Closing issue. Maybe others can follow these tracks if they decide to go down this route instead of relying on a system wide install (and in my case, having to jump through some registration hoops to get the binaries I needed).

blueberry commented 4 years ago

Thank you for exploring this Tom. I've updated Neanderthal to do this discovery, so the user does not need to do anything other than provide javacpp's mkl redist jar on the classpath, which will be auto-discovered. If the jar is not there, the system-wide MKL from the LD_LIBRARY_PATH will be used. Please test 0.35.0 if you have time.

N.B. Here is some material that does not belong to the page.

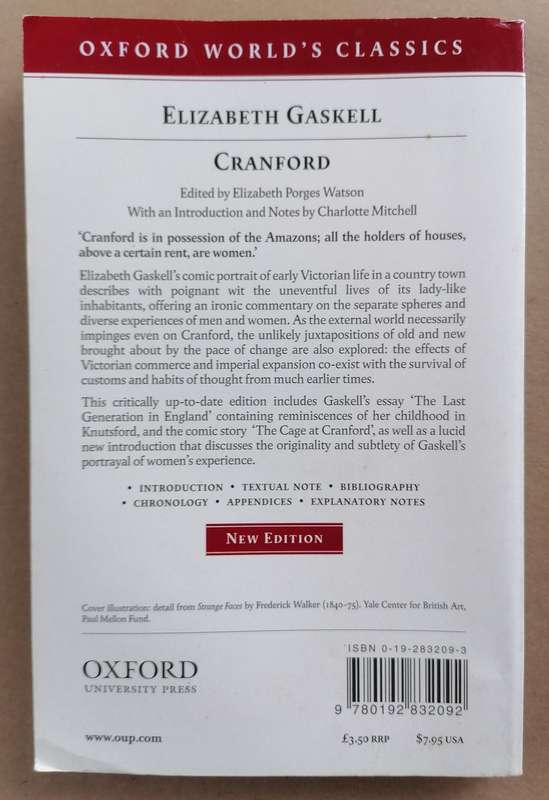 Cranford by Elizabeth Gaskell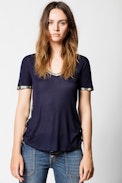 T-shirt Atia Foil - T-shirt en modal femme.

BTW, you didn't need to register at Intel to acquire MKL. You could literally unpack bytedeco's jar in any folder, add that folder onto your library path, and that would work.

I still prefer the system-wide method, for many reasons, but I appreciate that this is a huge issue for many, many Clojure and Java programmers who do not have experience with fiddling with native OS paths and whatnot. So, now we have the best of both worlds!

Thanks a lot!

joinr commented 4 years ago

@blueberry That's great to hear. I just tried the repo under windows 10 and ubuntu, both worked as expected (if you include the jar on the classpath, e.g. in dependencies), with only the require for uncomplicate.neanderthal.native being necessary. I think this greatly simplifies the options for getting running with neanderthal for many users in a crossplatform way, although maybe not all use cases want to bring in that heavy dependency and prefer to have a system level install.

BTW, you didn't need to register at Intel to acquire MKL. You could literally unpack bytedeco's jar in any folder, add that folder onto your library path, and that would work.

Hah, I realized this well after the fact. I was trying out neanderthal last year and went through this, before realizing just a few days ago that there were maven artifacts with the desired binaries.

Thanks a lot!

You are very welcome. Same to you for sharing your work!